One of the main reasons has been the crunch on funds available to banks in the market.
On Tuesday bankers met the Reserve Bank of India to find solutions to a liquidity crunch.
Bankers and RBI discussed liquidity, interest rate, and farm loan issue. They also discussed on credit growth, and fund raising problems.
Senior bankers, who met the RBI Governor Y V Reddy, said that there is tightness in liquidity in the banking system as deposit mobilisation lags credits off take.
"Buoyed by the eight per cent growth in the economy, the credit growth is outstripping the deposit mobilisation in the system. There is a demand for larger credit from across the sectors.

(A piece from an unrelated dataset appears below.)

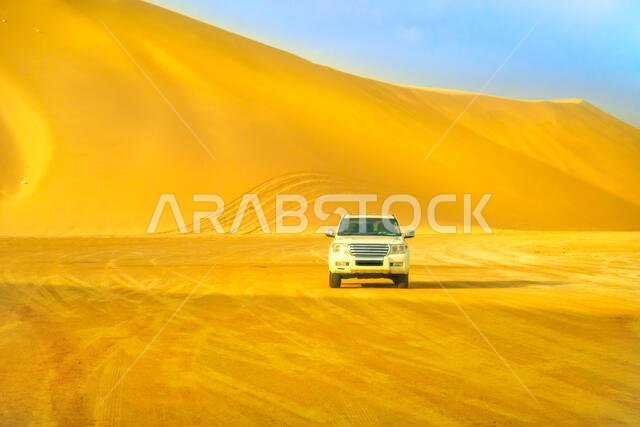 خور العديد، قطر - ١٩ فبراير ٢٠١٩: مغامرة على الطرق الوعرة في الصحراء العربية. صورة أمامية لسيارة تويوتا لاند كروزر رباعية الدفع بعد اجتياز الكثبان الرملية في الداخل.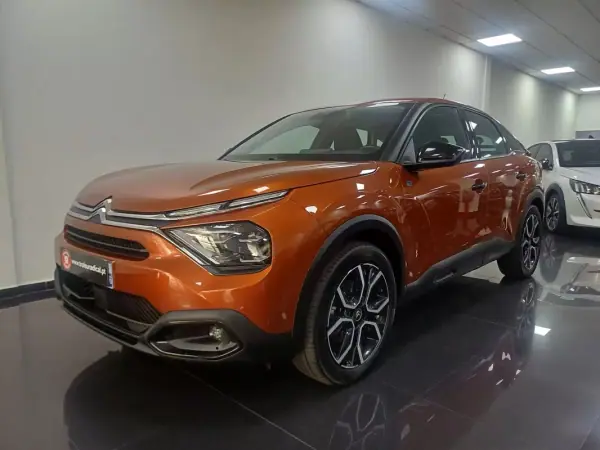Citroën e-C4 2022 — foto 2 de 25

Hence, there is a tightness in the liquidity," Indian Banks' Association Chief Executive H N Sinor said.
However, it is learnt that the bankers discussed the issue of reducing Cash Reserve Ratio (CRR) - which refers to the percentage of funds that commercial banks are required to park with RBI.
Bankers were of the opinion that a two-percentage point reduction in CRR from the current level of five per cent could release around Rs 40,000 crore in the system.
"We have appraised the RBI Governor about the deposit growth and loan growth and discussed other issues, including interest rates," Sinor said.
RBI once again maintained the Reference rate for the US currency at Rs 44.6600 per dollar even as the single European unit was fixed Rs 53.6400 per Euro as against Rs 53.7900 on Monday.